HB: What can one expect at an Algernon show?

DM: Energy and emotion. We like to play loud (as long as the vibraphone is mic'd properly)! We love playing to an audience of any size. As long as they are listening and digging it, it's worth it. - The Daily Chronicle (Dekalb, IL)


Discography

Charlie Changed His Mind (full length)--Ball of Knowledge Records, 2004

Familiar Espionage (full length)--ears&eyes Records, 2007

Photos

Bio

Fostering an atmosphere that relies on composition and a large sonic palette, Algernon creates a fusion of indie rock, jazz, and classical chamber music. The effect is that of a distinctly modern band, providing musical clues to our modern landscape. In the process, Algernon engulfs the listener in an entirely different world of its own making. With combined experience in genres from jazz to hard rock, from punk to classical, the band is well equipped to deliver on the promise.

Listening to their 2004 debut album, Charlie Changed His Mind (which then 21 year old Dave Miller (Ted Sirota’s Rebel Souls) conceived of in just one week), or one of the band's fiery live performances, one is run through the entire human experience: joy, sadness, passion, exhilaration. You won't walk away the same or be likely to forget what you've heard.

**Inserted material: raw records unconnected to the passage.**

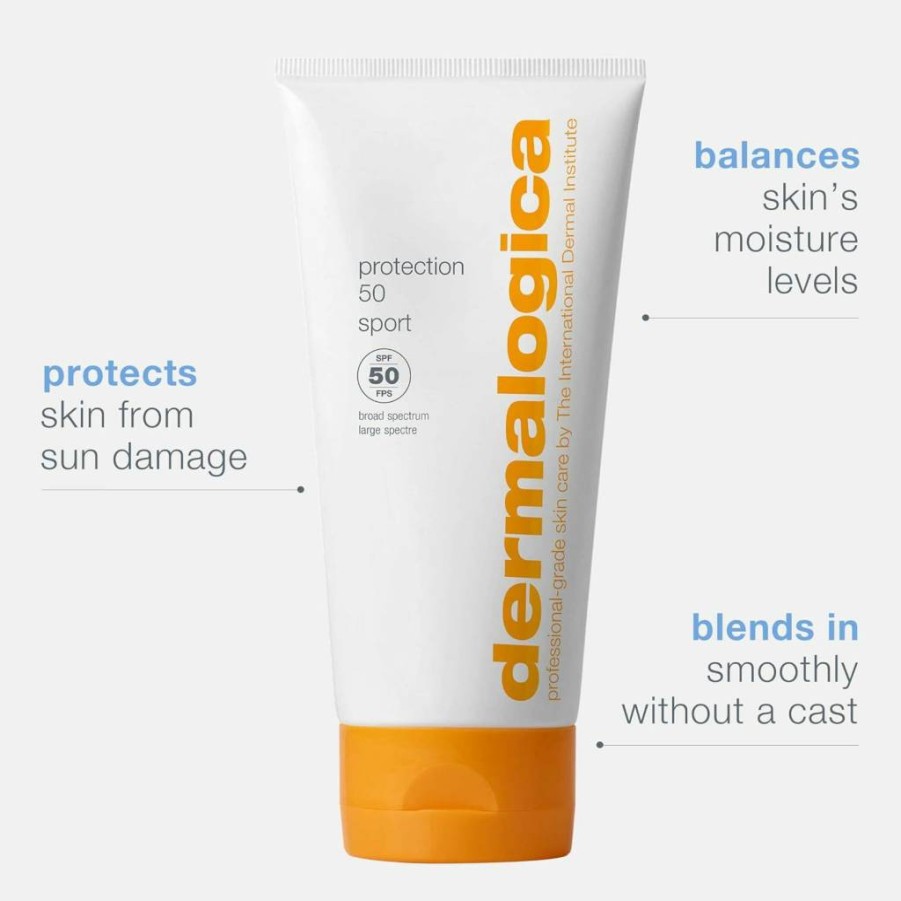 Amazon Broad Spectrum SPF 50 Sunscreen Lotion - Dermalogica Protection 50 Sport (5.3 Fl Oz) Face & Body Moisturizer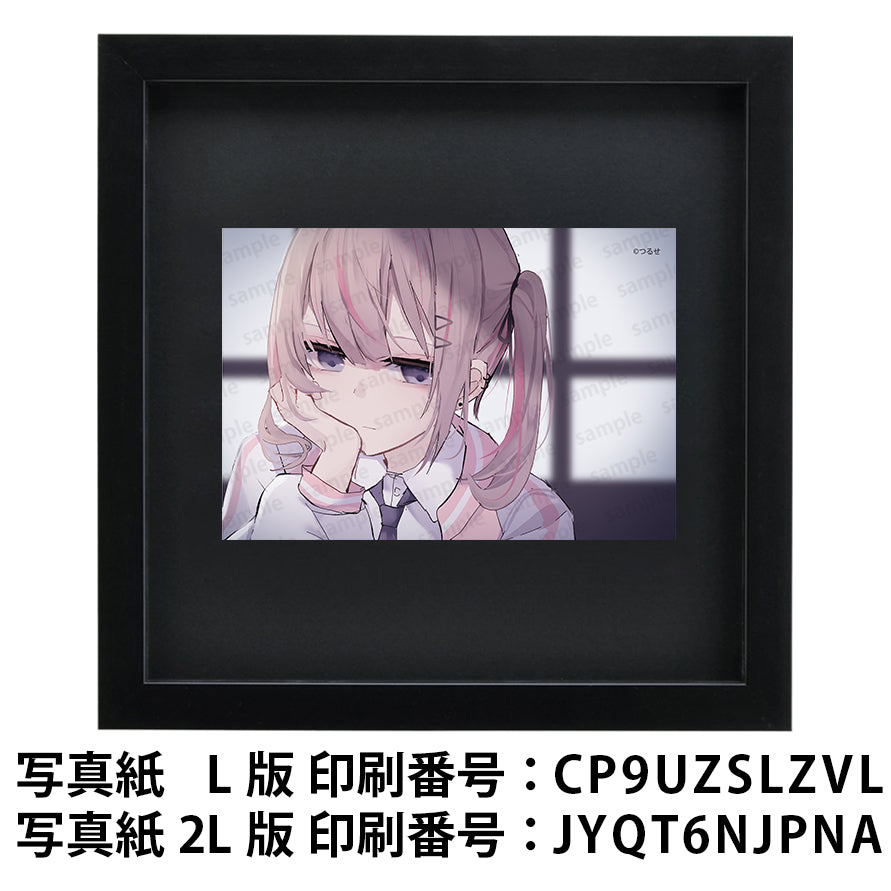ネップリ　イラスト　可愛い女の子　エモい　かわいい　おしゃれ　コンビニプリント　ネットプリント　個性的　おすすめ　人気　イラストレーター　クリエイター　絵師　ローソン　ファミマ　グッズ　タイトル：つるせ PART7　作：つるせ
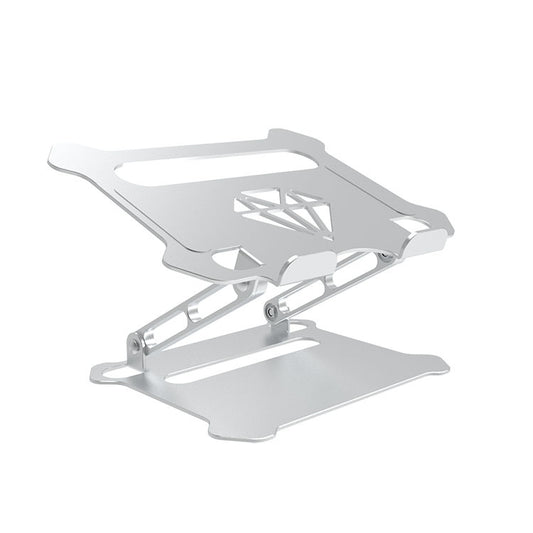 Eprolo aluminum alloy laptop and tablet cooling bracket, foldable and portable notebook desktop stand with adjustable support.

Fast Forward to 2007…with only two days in the studio, Algernon has now finished their new album, Familiar Espionage, direct to analog tape. This new set of music finds the band pushing the compositional aspect of their music to exhilarating new heights. Breathtaking melodies, jazz-tinged harmonies, and cacophonous noise-scapes make the new record a milestone in the career of this young group of musicians.

In short, the band can't be summed up neatly. Algernon simply rocks too hard to be considered jazz, and they play with too much finesse and sheer musical ability to be called just another rock band. Algernon doesn't simply wish to play songs: the band is here to turn your entire world upside down.